Day initially got the upper hand after winning the first three races of the season, but his championship campaign received a setback when he got disqualified at the second race in Franciacorta due to technical infringements during post-race inspection. Gabillon took the championship lead soon after and would lead the championship by the time the playoffs begin at Hockenheim. Problems for both Gabillon and Day at Hockenheim, however, allowed Lucas Lasserre of Mishumotors and rookie Loris Hezemans of Hendriks Motorsport to close up the gap, setting up a four-way battle for the title at Zolder.
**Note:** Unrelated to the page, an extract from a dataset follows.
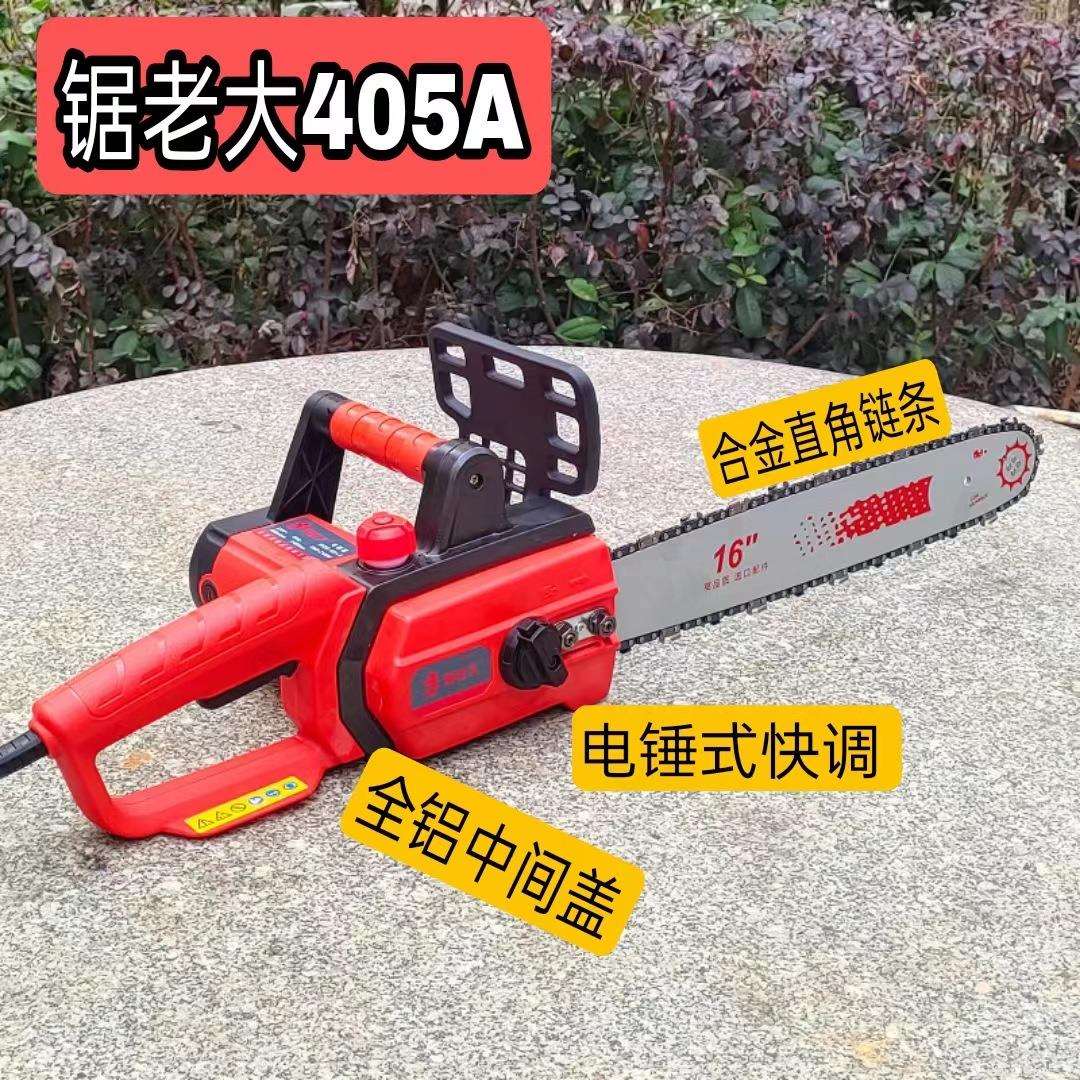 锯老大电锯伐木锯16寸家用小型电链锯木工电锯链锯链条锯导板锯子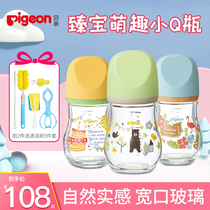 Beichen BABY natural REAL sense Zhenbao GLASS BOTTLE WIDE mouth diameter baby mini portable bottle 80 160ML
Ultimately, retirements for both Lasserre and Hezemans during the first race of the Zolder race meet effectively eliminated them from title contention, and with Gabillon unable to match Day's pace for the weekend, Alon Day was crowned champion after winning his seventh race of the season at the final race of the season. Alon Day's seven race wins set a new record for the most races won in a single Elite 1 Euro Series season, one short of Stienes Longin's overall record of 8 wins in the 2016 Elite 2 season. Gabillon won two races (Brands Hatch 1 and Tours 1), while Lassere (Franciacorta 2), Hezemans (Hockenheim 1), and 2015 Elite 2 champion Gianmarco Ercoli (Brands Hatch 2) scored one race win each.
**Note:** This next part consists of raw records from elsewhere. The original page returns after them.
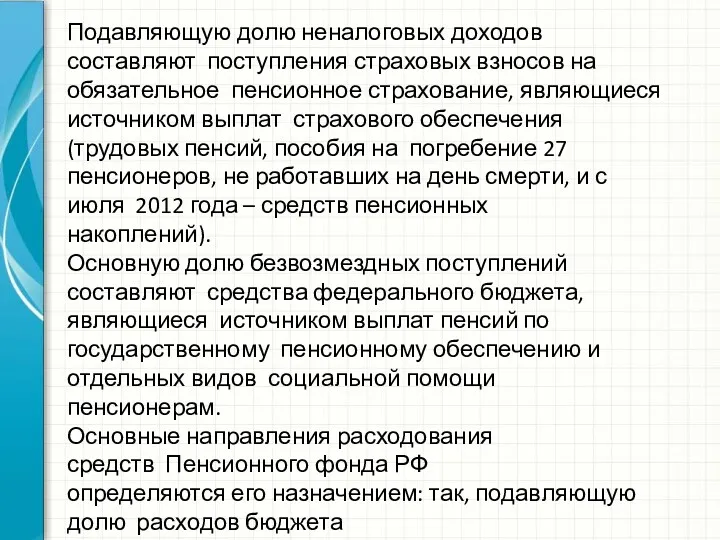 Подавляющую долю неналоговых доходов составляют поступления страховых взносов на обязательное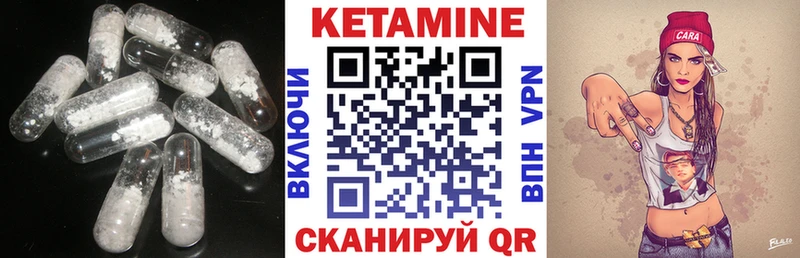 наркошоп  Иваново  Кетамин VHQ 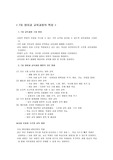 [교육] 영어과 7차교육과정의 특징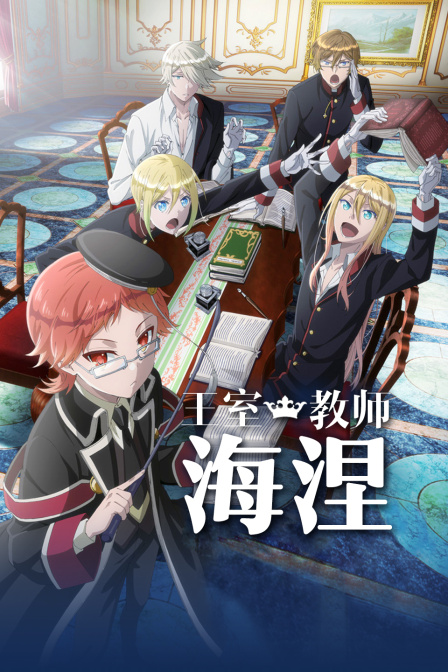 王室教师海涅封面图
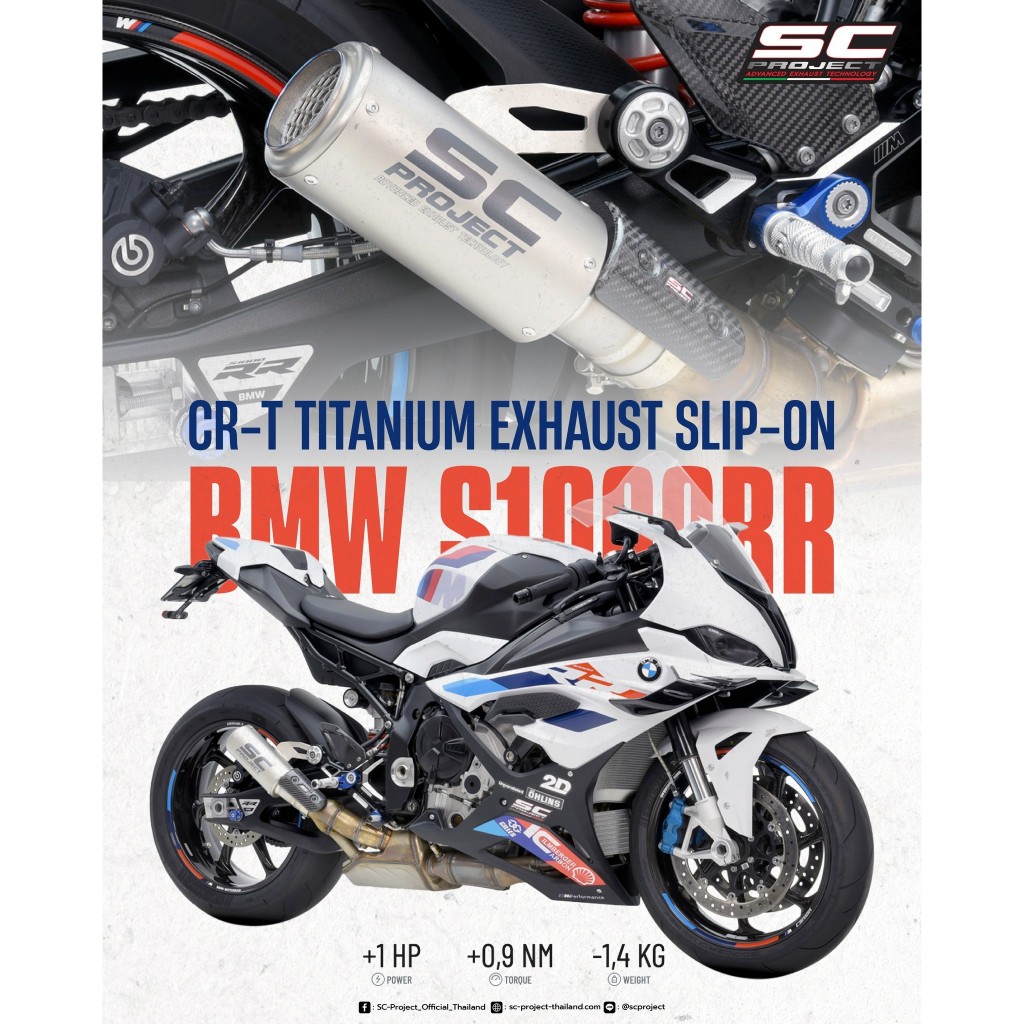ท่อSC-PROJECT สำหรับ BMW S 1000 RR (2023 - 2024) | CR-T Titanium with stoneguard grid
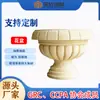 Barra de flores GRC maceta línea decorativa EPS componentes escultura paisaje jardín villa patio materiales de construcción venta directa de fábrica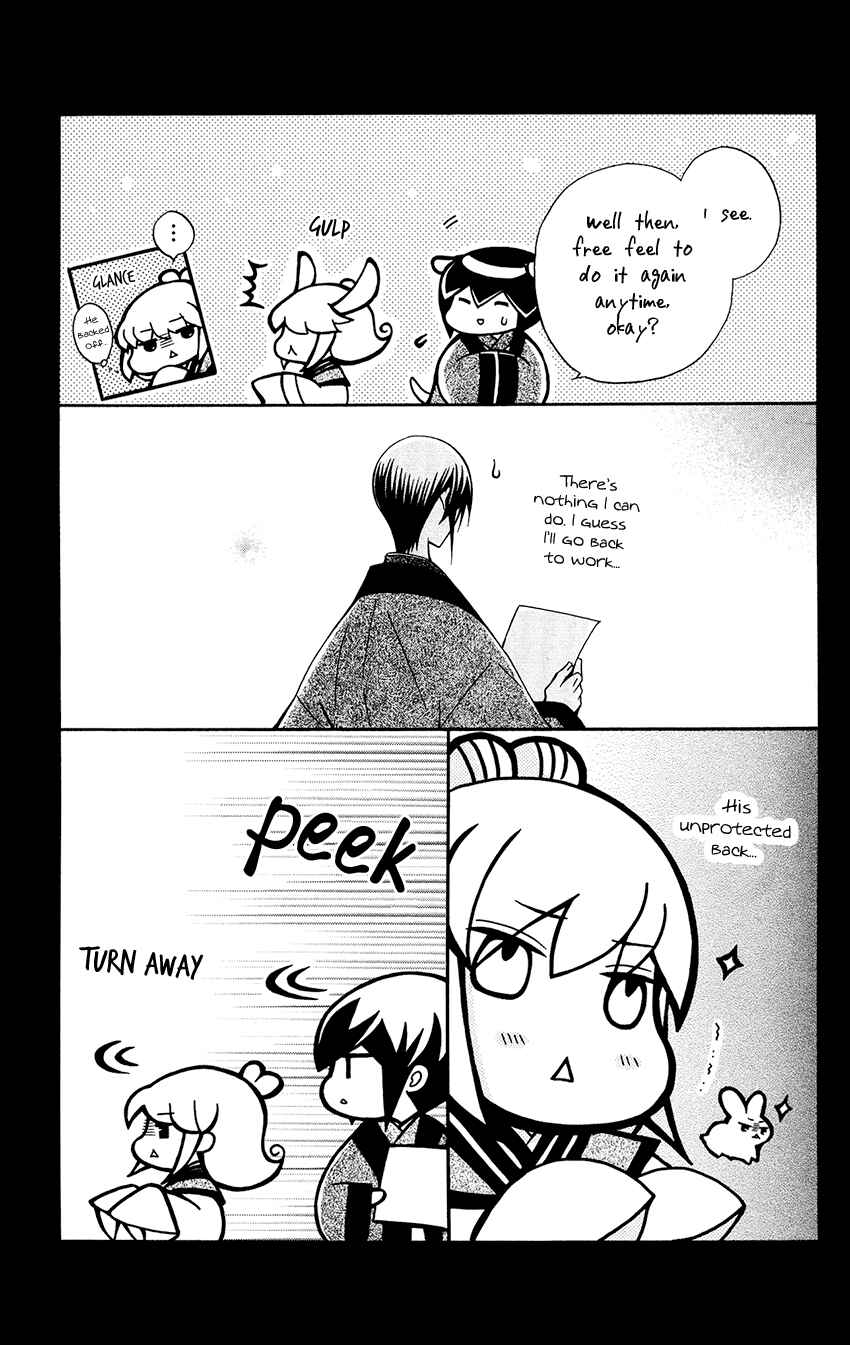 Page 33 Chapter 82 Ookami Heika no Hanayome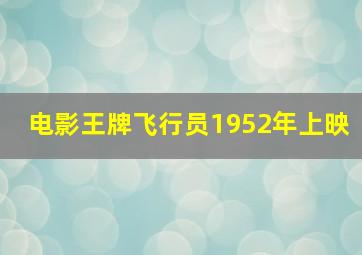 电影王牌飞行员1952年上映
In the Elite 2 class, the championship was closely fought between four drivers: Ulysse Delsaux of RDV Compétition, defending champions Wilfried Boucenna of Knauf
Racing, Florian Venturi of Go Fas Racing, and the returning Guillaume Deflandre for Memphis Racing. Boucenna initially took the championship lead after sweeping both races at Valencia. However, problems for Boucenna at Franciacorta Race 2 allowed Deflandre to caught up to him, and further problems for Boucenna at the first race of Brands Hatch race meet allowed Deflandre to take the championship lead. Delsaux then sweeps the Tours race week to take the lead in the championship, and looks set to sweep the Hockenheim race week had a tire failure in the second race at Hockenheim didn't force him to retire from the race. This allowed Deflandre, Boucenna, and a resurgent Venturi to set up a four-way battle for the championship. A costly retirement at race 1 of Zolder ultimately took out Deflandre of the championship hunt, and while Venturi was able to score a win and a second-place finish at Zolder, Delsaux had enough gap between him and Venturi to take the championship with a third-place finish at the final race of the season. Delsaux also scored the most race wins of the season with three (Tours sweep and Hockenheim 1). Venturi (Brands Hatch 2 and Zolder 1), Boucenna (Valencia sweep), Deflandre (Brands Hatch 1 and Hockenheim 2), and PK Carsport's Guillaume Dumarey (Franciacorta 2 and Zolder 2) scored two race wins, while Brazilian Felipe Rabello (Franciacorta 1) scored one race win.

In the team's championship, with both of their drivers being in the championship hunt for the entirety of the season, RDV Compétition's #3 team comfortably won team's title, finishing 107 points clear of Knauf Racing's #37 team. New teams Memphis Racing and Go Fas Racing scored an impressive third and fourth-place finish, while Knauf Racing's #73 team completes the top five in the team's championship.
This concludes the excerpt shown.